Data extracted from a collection
====
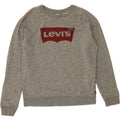 LEVI'S Womens Graphic Sweatshirt Jumper UK 16 Large Grey Cotton Vintage Levi's and Second-Hand Levi's from Messina Hembry 
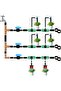 10 units - 1/2 inch barbed drip valves - 1/2 inch shut-off valves - straight-through ball valves - suitable for drip or sprinkler systems - 16 mm - 3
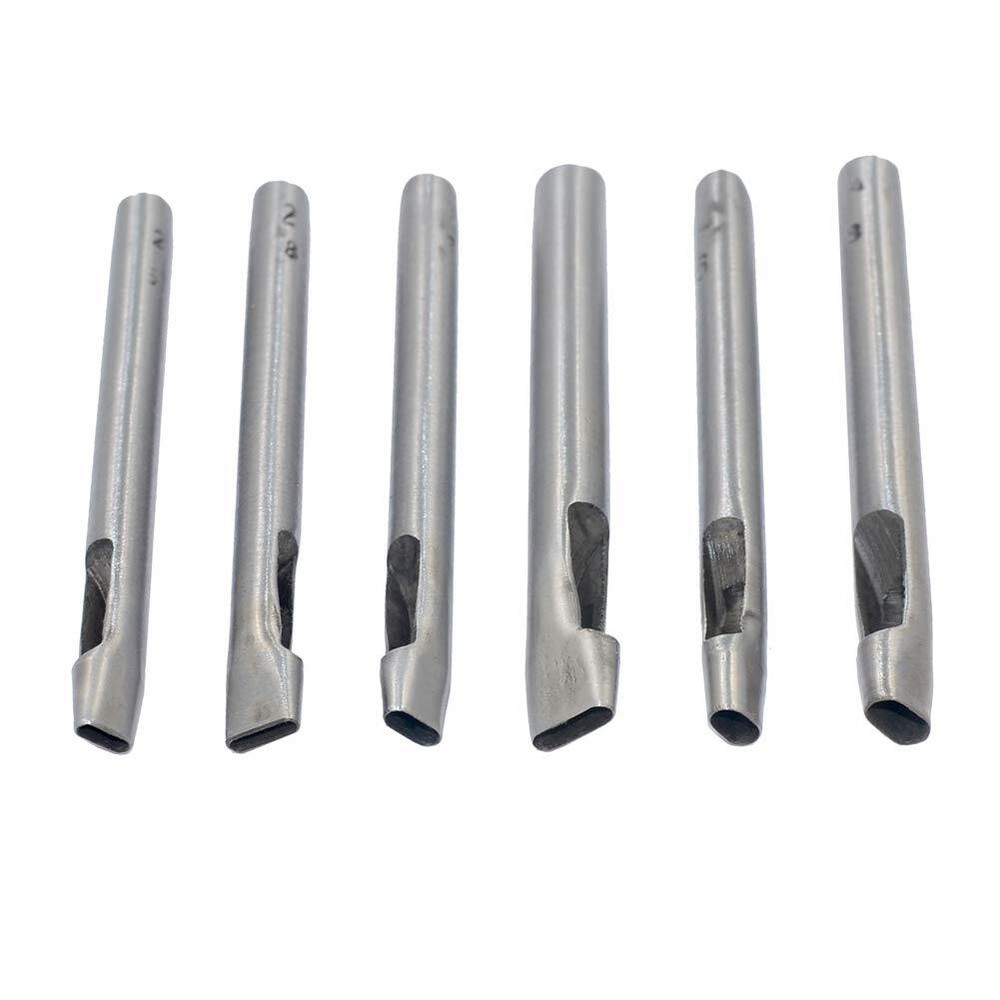 DGOL 6 Sizes Leather Oval Hole Punch Belt Hollow Punching Cutting Cutter Tool...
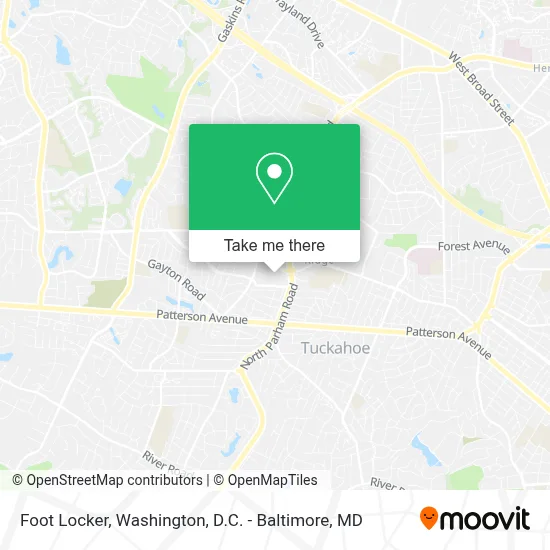 Foot Locker map
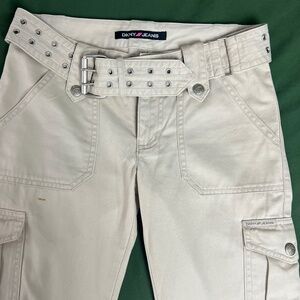 Vintage Y2K Women’s DKNY Low Rise Flare Khaki’s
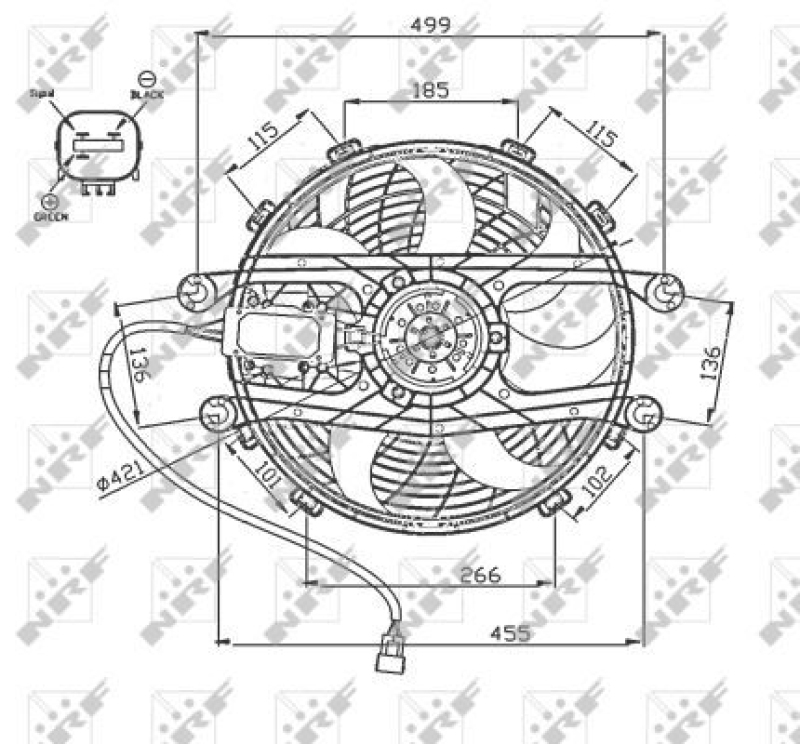 NRF Fan, radiator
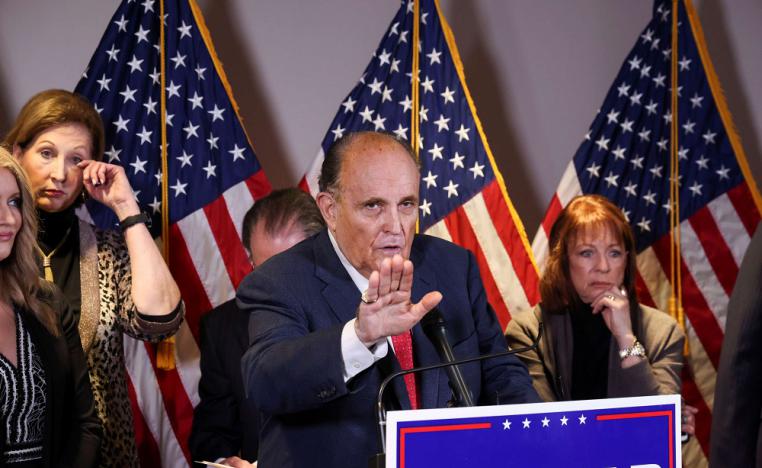 رودي جولياني محامي ترامب الشخصي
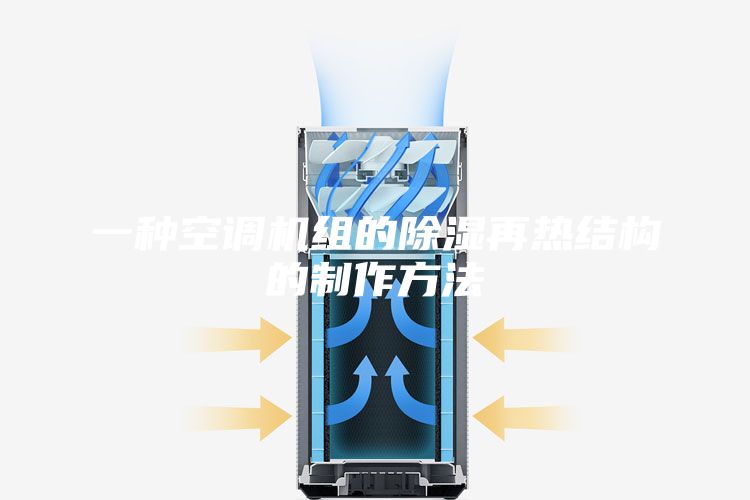 一種空調(diào)機(jī)組的除濕再熱結(jié)構(gòu)的制作方法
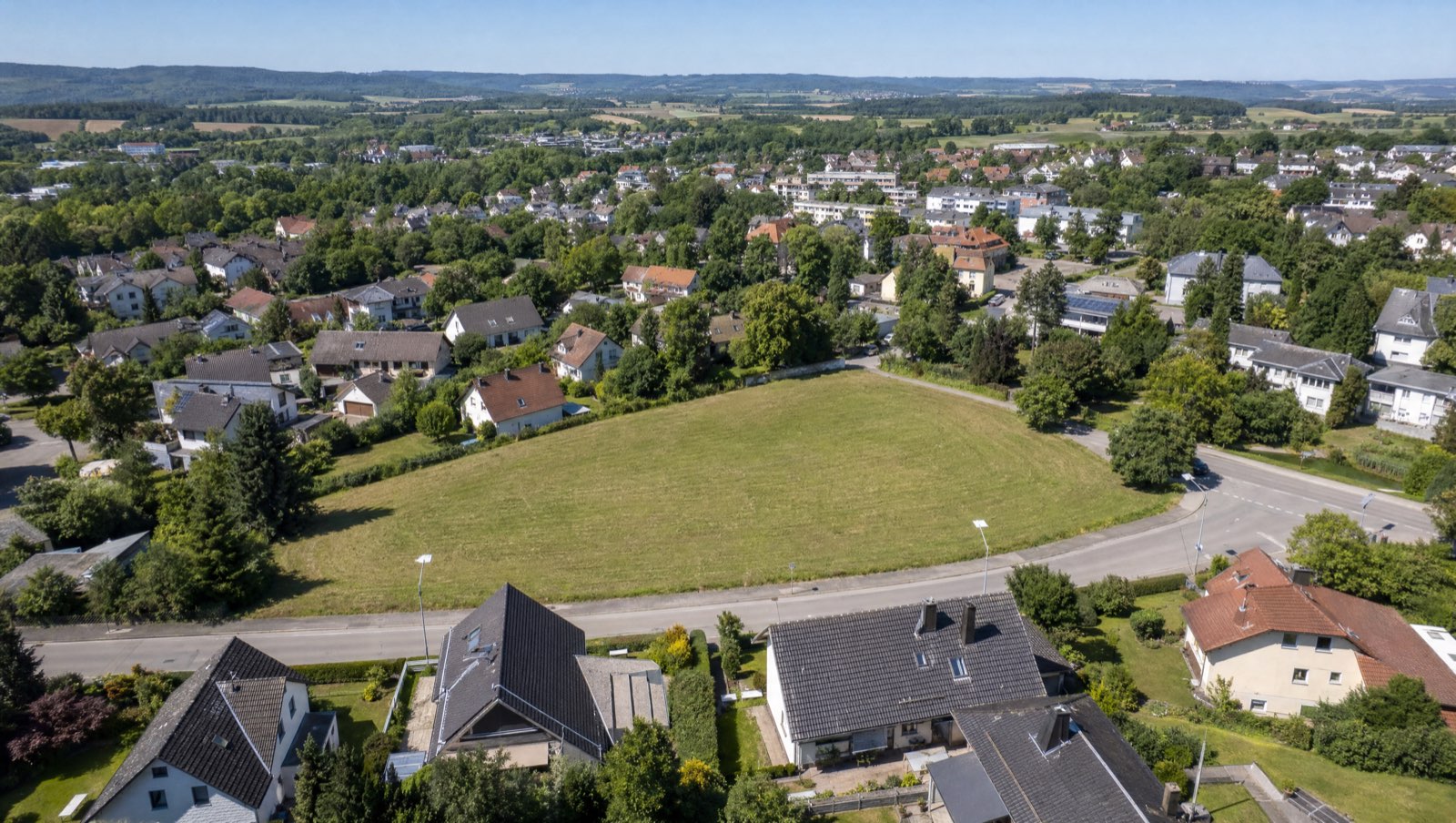 Development site from the air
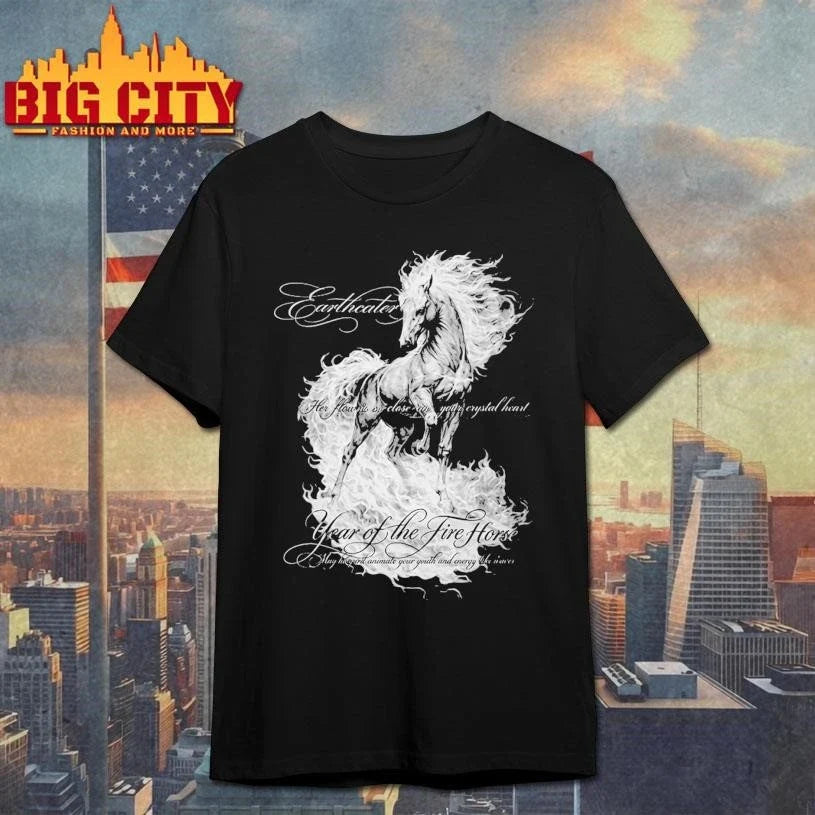 FKA Twigs Merch Body High Tour 2026 Eartheater Year Of The Fire Horse Shirt Unisex
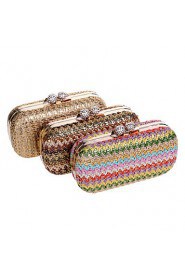 Women's Handmade High grade Weaving Diamonds Party/Evening Bag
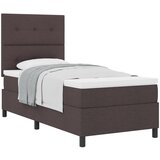 vidaXL Postelja s box springom in vzmetnico rjava 100x200 cm tkanina, (22067445) | Shoptok.si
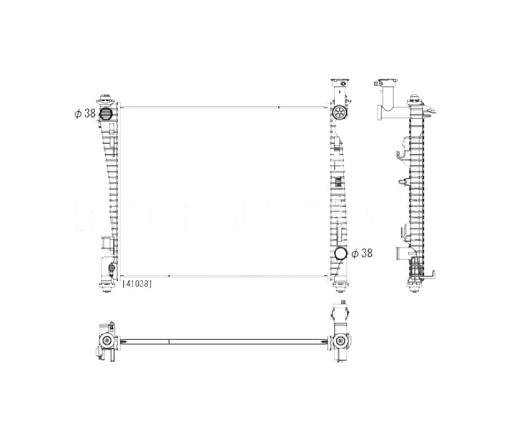 55038185AE - Радіатор водяний DODGE DURANGO 10- 55038185AE
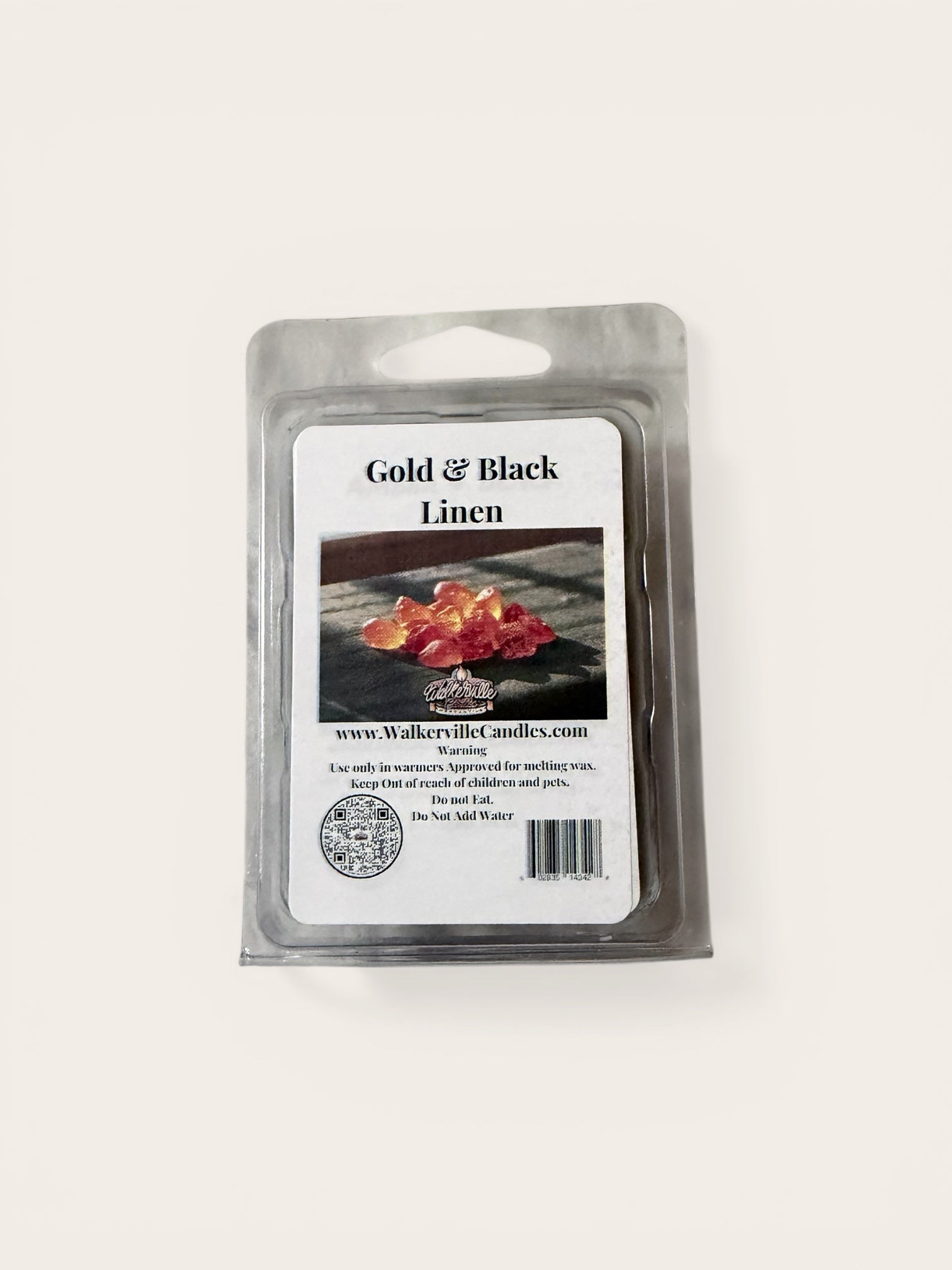 Gold & Black Linen Wax Melt - Walkerville Candles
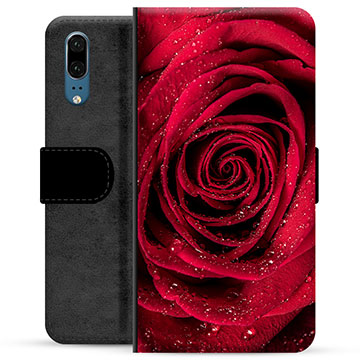 Huawei P20 Premium Portemonnee Hoesje - Roze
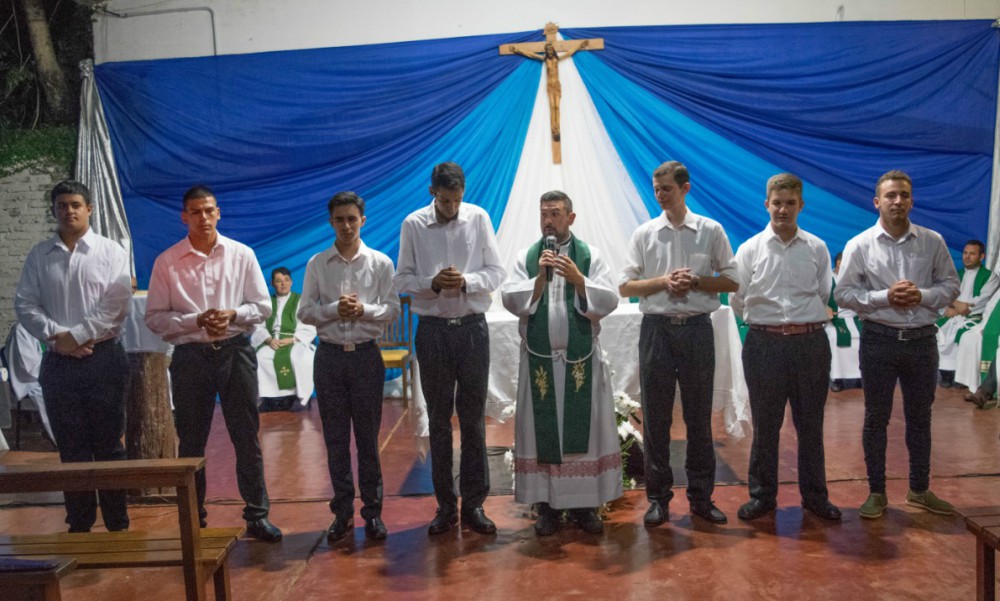 Ocho ingresantes se sumaron al Seminario de Posadas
====
=== EXERCISE DIRECTIONS ===
Your task is to set down every entry exactly, leaving out any picture it contains.

=== RESPONSE TO THE EXERCISE ===
 LEVI'S Womens Graphic Sweatshirt Jumper UK 16 Large Grey Cotton Vintage Levi's and Second-Hand Levi's from Messina Hembry 
 10 units - 1/2 inch barbed drip valves - 1/2 inch shut-off valves - straight-through ball valves - suitable for drip or sprinkler systems - 16 mm - 3
 DGOL 6 Sizes Leather Oval Hole Punch Belt Hollow Punching Cutting Cutter Tool...
 Foot Locker map
 Vintage Y2K Women’s DKNY Low Rise Flare Khaki’s
 NRF Fan, radiator
 رودي جولياني محامي ترامب الشخصي
 一種空調(diào)機(jī)組的除濕再熱結(jié)構(gòu)的制作方法
 Development site from the air
 FKA Twigs Merch Body High Tour 2026 Eartheater Year Of The Fire Horse Shirt Unisex
 Women's Handmade High grade Weaving Diamonds Party/Evening Bag
 vidaXL Postelja s box springom in vzmetnico rjava 100x200 cm tkanina, (22067445) | Shoptok.si
 55038185AE - Радіатор водяний DODGE DURANGO 10- 55038185AE
 Gold & Black Linen Wax Melt - Walkerville Candles
 Huawei P20 Premium Portemonnee Hoesje - Roze
 Ocho ingresantes se sumaron al Seminario de Posadas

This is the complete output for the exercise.